Defeated by Stryker, you can attempt to improve the implemented code by adding more logic to it:

But after running Stryker again, you see this attempt created a new mutant:

ll mutants have been tested, and your mutation score has been calculated
 - \app [13/15 (86.67%)]
 [...]
 [Survived] String mutation on line 4: '"Undetermined"' ==> '""'
 [...]
 [Survived] String mutation on line 10: '"Undetermined"' ==> '""'
 [...]

You cannot wiggle out of this tight spot by modifying the implemented code. It turns out the only way to kill surviving mutants is to describe additional expectations. And how do you describe expectations? By writing tests.

It’s time to add a new test. Since the surviving mutant is located on line 4, you realize you have not specified expectations for the output with the value “Undetermined.”

Let’s add a new test:

[Fact]
public void GivenIncorrectTimeOfDayReturnUndetermined() {
   var expected = "Undetermined";
   var actual = catTrapDoor.Control("Incorrect input");
   Assert.Equal(expected, actual);
}

The fix worked! Now all mutants are killed:

All mutants have been tested, and your mutation score has been calculated
 - \app [14/14 (100%)]
 [Killed] [...]

You finally have a complete solution, including a description of what is expected as output if the system receives incorrect input values.

Mutation Testing to the Rescue

Suppose you decide to over-engineer a solution and add this method to the FakeCatTrapDoor:

private string getTrapDoorStatus(string dayOrNight) {
   string status = "Everything okay";
   if(dayOrNight != "Nighttime" || dayOrNight != "Daylight") {
       status = "Undetermined";
   }
   return status;
}

Then replace the line 4 statement:

string trapDoorStatus = "Undetermined";

with:

string trapDoorStatus = getTrapDoorStatus(dayOrNight);

When you run tests, everything passes:

Starting test execution, please wait...

Total tests: 5. Passed: 5. Failed: 0. Skipped: 0.
 Test Run Successful.
 Test execution time: 2.7191 Seconds

The test has passed without an issue. TDD has worked. But bring Stryker to the scene, and suddenly the picture looks a bit grim:

All mutants have been tested, and your mutation score has been calculated
 - \app [14/20 (70%)]
 [...]

Stryker created 20 mutants; 14 mutants were killed, while six mutants survived. This lowers the success score to 70%. This means only 70% of our code is there to fulfill the described expectations.
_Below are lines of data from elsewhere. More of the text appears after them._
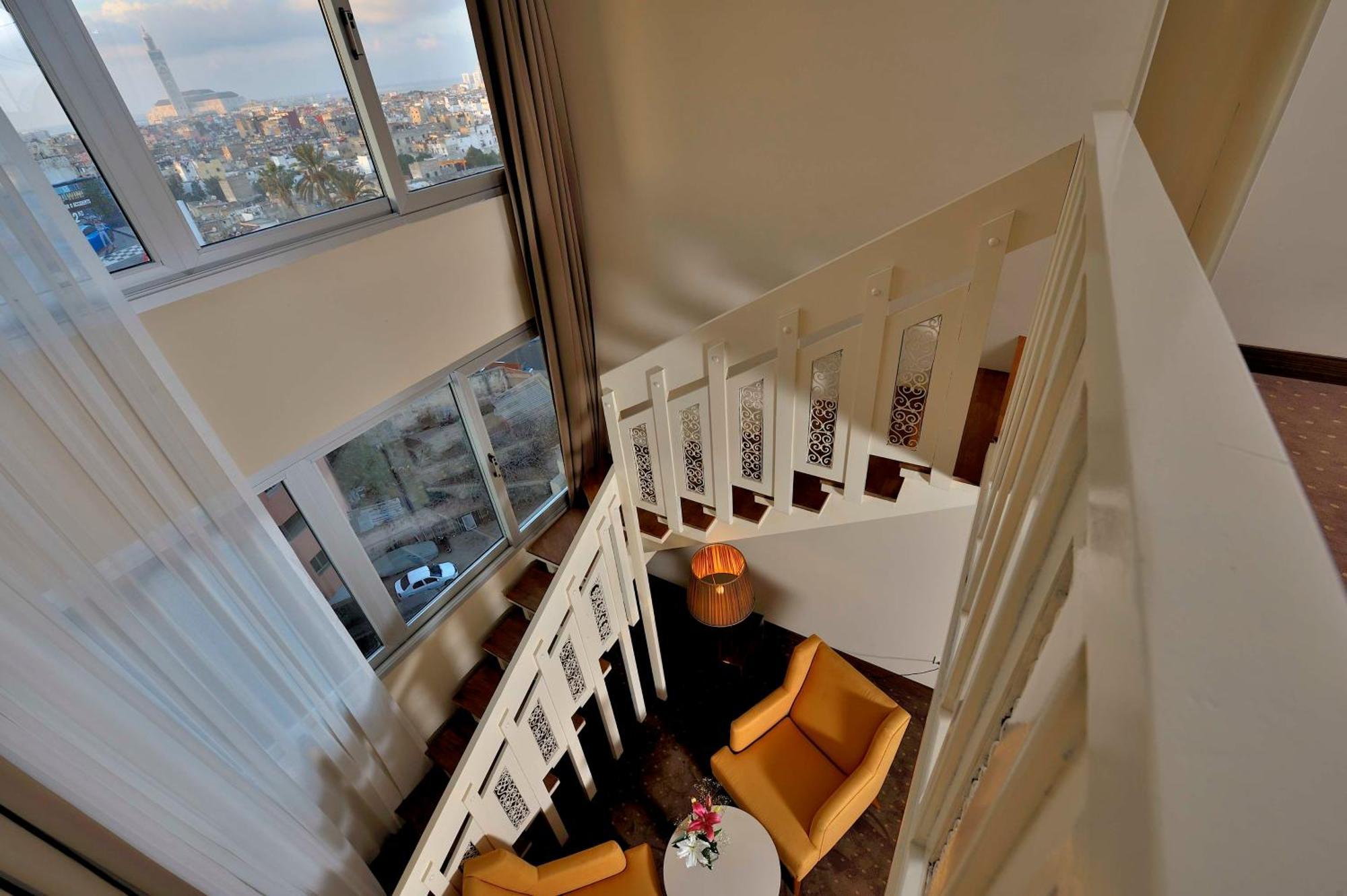Family Duplex King Bed Mosque View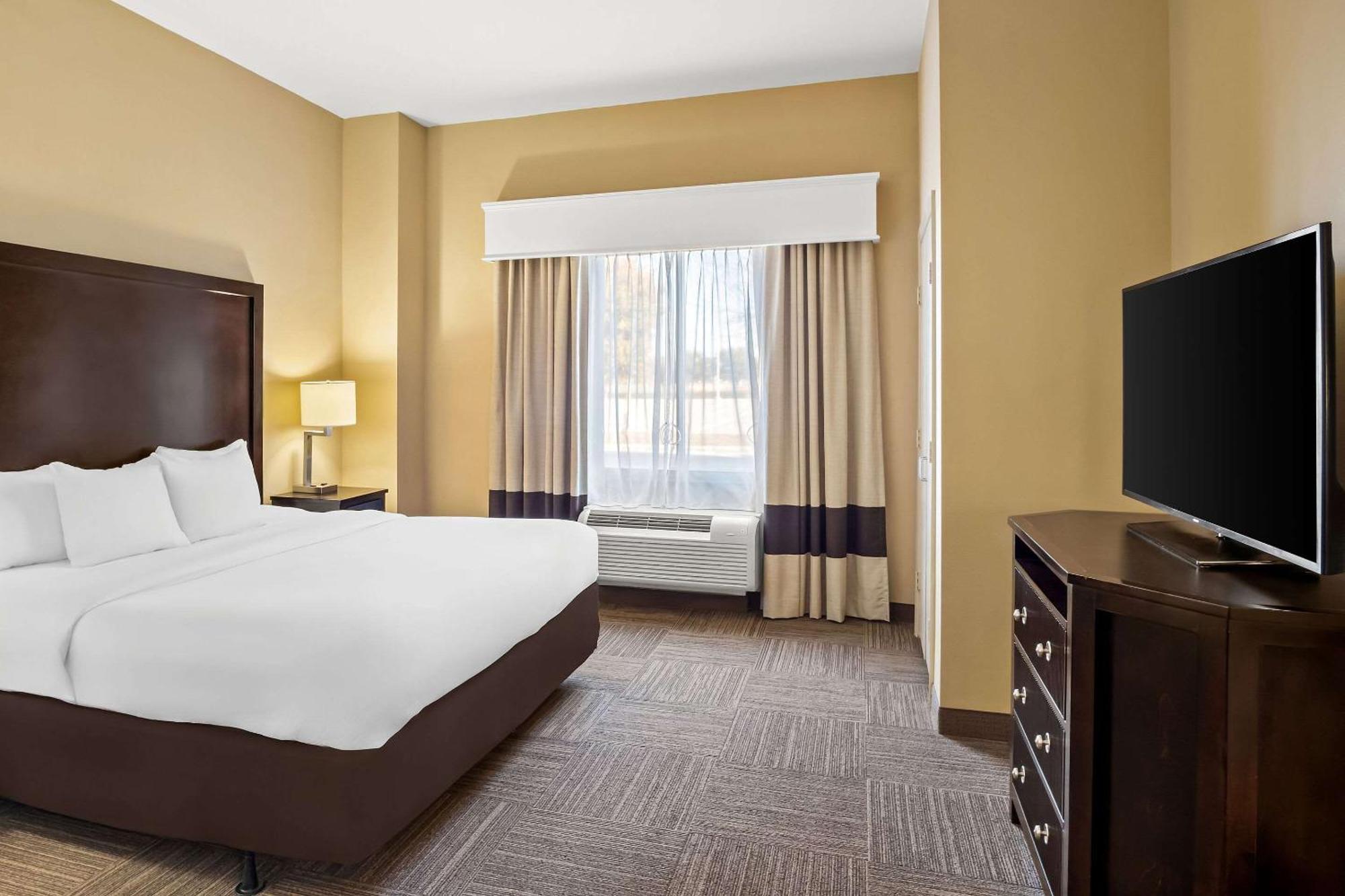 Comfort Suites Frisco Bagian luar foto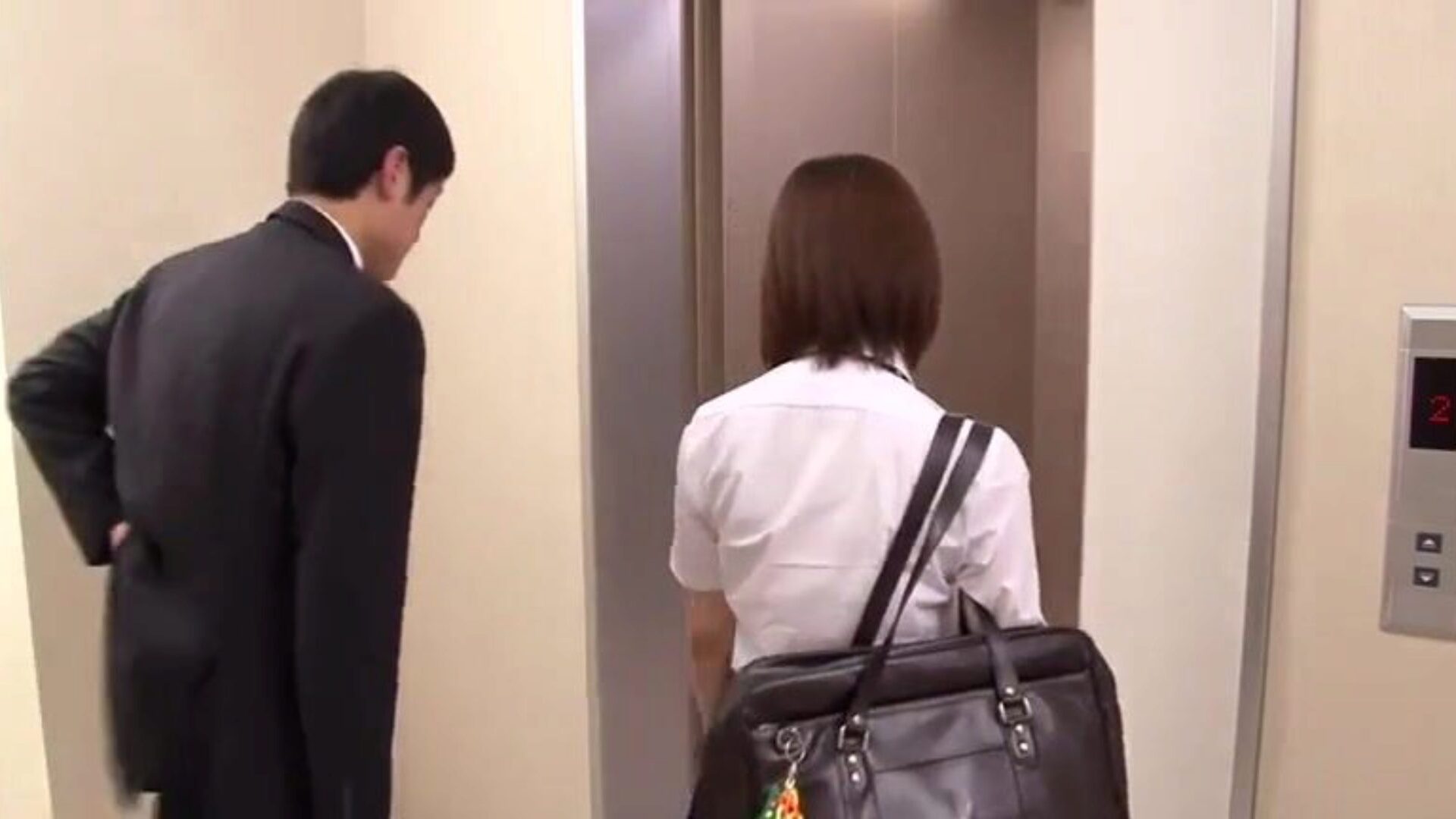 Eroticism! Schoolgirl Trapped in an Elevator - Yu Shinoda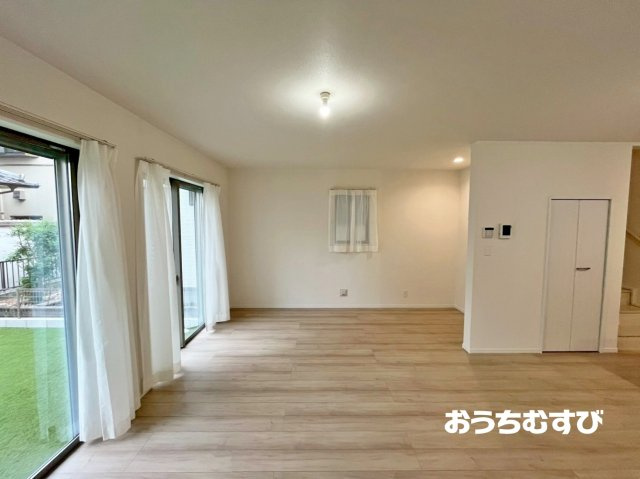 名東区香流9期(全2棟)の居間・リビング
The other 30% of the code is there for no clear reason, which puts us at risk of misuse of that code.

In this case, Stryker helps fight the bloat. It discourages the use of unnecessary and convoluted logic because it is within the crevices of such unnecessary complex logic where bugs and defects breed.

Conclusion

As you’ve seen, mutation testing ensures that no uncertain fact goes unchecked.
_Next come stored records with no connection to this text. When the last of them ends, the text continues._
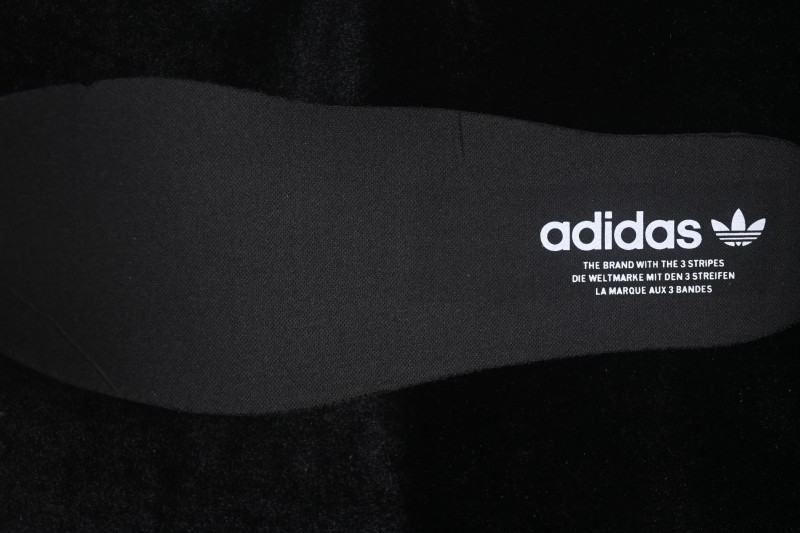 Adidas Samba OG Classic Lifestyle Sneakers with Retro Design - IH9052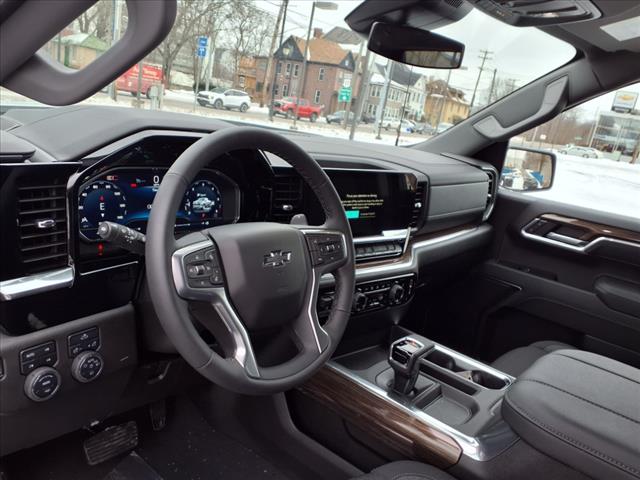 2025 Chevrolet Silverado 1500 RST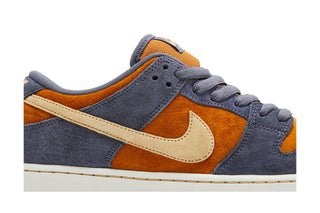 SB Dunk Low Light Carbon Monarch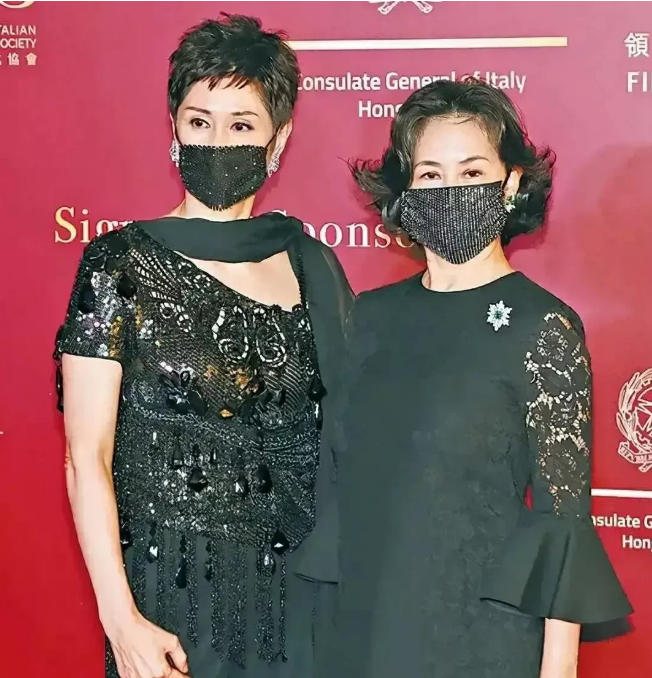 何超琼|赌王女儿何超琼参加聚会，前夫许晋亨携李嘉欣出席，避尴尬不同框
You could compare Stryker to a chess master who is thinking of all possible moves to win a match. When Stryker is uncertain, it’s telling you that winning is not yet a guarantee. The more tests we record as facts, the further we are in our match, and the more likely Stryker can predict a win. In any case, Stryker helps detect losing scenarios even when everything looks good on the surface.

It is always a good idea to engineer code properly. You’ve seen how TDD helps in that regard. TDD is especially useful when it comes to keeping your code extremely modular. However, TDD on its own is not enough for delivering lean code that works exactly to expectations.

Developers can add code to an already implemented code base without first describing the expectations. That puts the entire code base at risk. Mutation testing is especially useful in catching breaches in the regular test-driven development (TDD) cadence. You need to mutate every line of implemented code to be certain no line of code is there without a specific reason.